Internet Content Rating Association

Acting Assistant General Manager
Department of Education, Employment and Training

Bruce Rigby is Acting Assistant General Manager, Business Systems and Systems Support with the Department of Education, Employment and Training in the State of Victoria, Australia. He is responsible for applications development, on-line content delivery and user support for a State system of 1700 schools.

He previously spent several years as Group Manager of the Learning Technologies in the Curriculum Branch of the same Department where he was responsible for a wide range of projects aimed at improving learning and teaching through the use of information and communication technologies. Major initiatives of the Branch include the SOFWeb schools website, (http://www.sofweb.vic.edu.au), the Navigator Schools Project (http://www.sofweb.vic.edu.au/navschls/), Global Classroom online collaborative projects for students (http://www.sofweb.vic.edu.au/gc/), and the Ideabank Knowledge Exchange for teachers (http://www.sofweb.vic.edu.au/lpol/).

Bruce has also worked in the USA for TERC and the World Bank, collaborated extensively with organisations in Europe on technology education and child safety on the Internet, and provided consultancy and training for countries in Europe and the Middle East.

He has been closely involved with the development of national collaborative projects through Education Network Australia (EdNA). Projects have included development of a National educational metadata standard and working groups on the sharing of intellectual property on line, integration of networked learning resources, and development on on-line educational content. He has been a leader in the development of safe, high quality on-line resources for school students.

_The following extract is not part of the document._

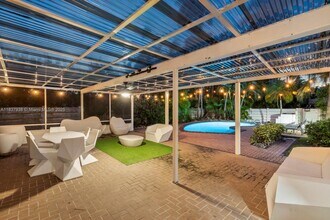 1247 Jackson St in Hollywood, FL - Foto de edificio - Building Photo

Bruce has worked in Australia and overseas as a teacher, scientist, curriculum developer, teacher educator and consultant. IN each role he has been a leader in applying information and telecommunication technologies to solve problems and create new opportunities for business, research and learning.

As the 1993 IBM Winston Churchill Fellow he made a world study tour investigating the use of computer mediated communication for improving educational opportunities and outcomes for school students.

He subsequently worked at TERC in Cambridge, Massachusetts, for 18 months, first as Director of Communications for the Global Laboratory Project and later as a senior research associate on the Testbed for Telecollaboration. While at TERC he was involved with a range of network enhanced and project based science education initiatives as well as teacher enhancement projects involving schools in many parts of the United States and around the world.